Paul Herrling of Novartis points out that virally induced cancers are rare in Europe but common in China. Terry Hisey of Deloitte, a consultancy, notes that Asians and Europeans can respond differently to anaesthesia. “We see China and India as research-and-development partners, and partnerships can help us learn how to do business there,” says Robert Court of GSK.
New thinking is also needed when deciding how to sell drugs in developing countries. In the past Western firms either ignored such countries or saw them as charity cases. But now, says Tachi Yamada of the Gates Foundation, who was at GSK when the firm faced the South African backlash over HIV drugs, “pharma companies can't possibly survive without recognising their responsibilities to the poor.”
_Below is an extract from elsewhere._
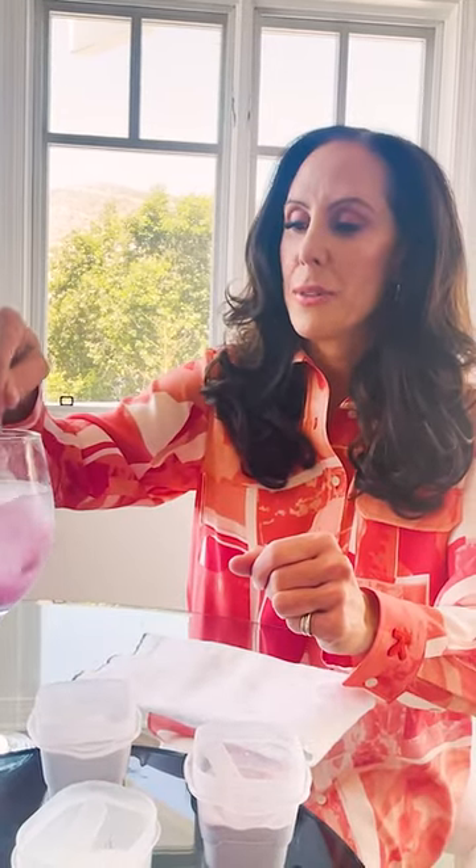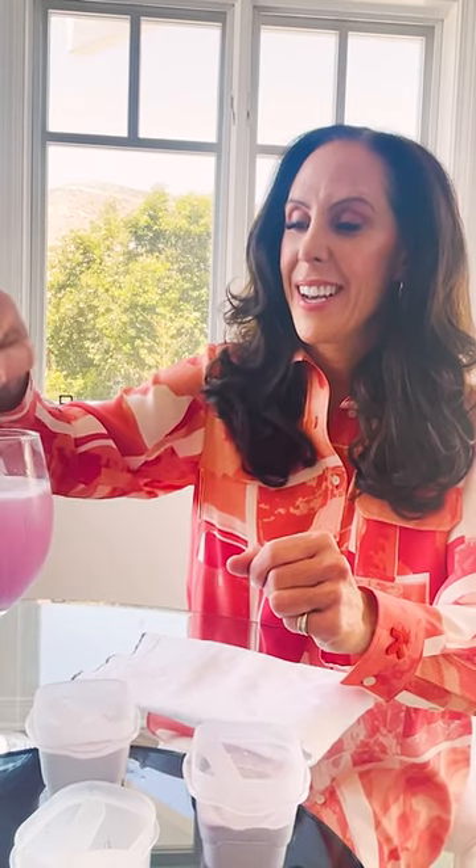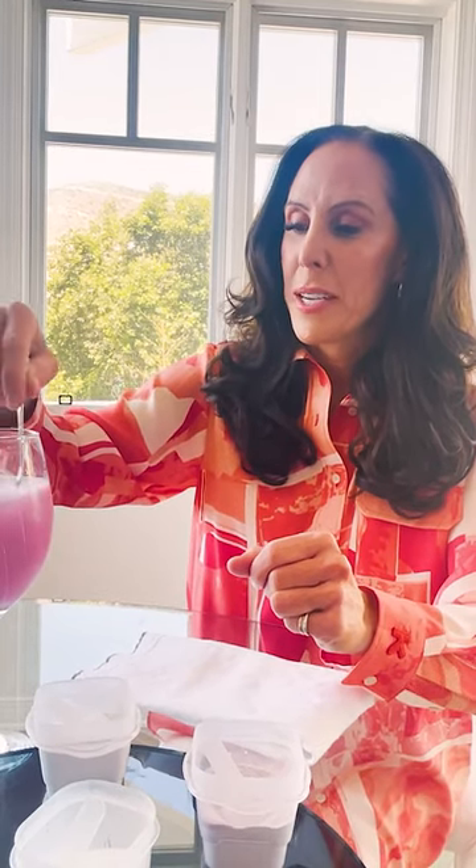The last one here is just pure amino acids. This is Thorne Amino Complex and it really gives you the broken down amino acids so that you have plenty of amino acids for processing protein. You stir that all up and there's your pink drink.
Some firms have adopted “differential pricing” schemes that use formulas, based on average income per head, to set lower prices in poor countries. Merck, for example, recently launched Januvia, a blockbuster diabetes drug, in India for a fraction of the price it charges in America. But in future, says Prashant Yadav of the Massachusetts Institute of Technology, firms must “price differentially not between OECD and developing-country markets, but within each developing-country market.” In other words, middle-class Indian patients will pay more than the rural poor.
Both Novartis and GSK say they are thinking along these lines. But is there not a danger that cheap drugs intended for the poorest will be pilfered and sold at a profit to the urban middle classes, or shipped overseas to rich countries? This has been the standard argument against differential pricing from the drugs companies.
Once again attitudes are shifting. Some diversion will happen, but firms that have tried tiered pricing have found ways to reduce it. Just changing the colour of a pill can help. So too can after-market checks on distributors and pharmacists by drugs companies: those selling looted products may be cut off from future distribution. Nan Wang of Sinovac Biotech, a Chinese vaccine firm, says her company has long sold the same vaccine at lower prices in poor parts of China than in rich cities; the two versions have different packaging.
But not everyone is convinced. “In the absence of competition, differential pricing is a hoax,” scoffs Yusuf Hamied, chairman of Cipla, an Indian generics firm. In his view, only generics-makers like his firm provide genuine competition to Big Pharma, which he insists should have no patent rights in poor countries. Even if the drugs giants really have changed their approach to the developing world, the arguments over their rights and responsibilities will continue to rage.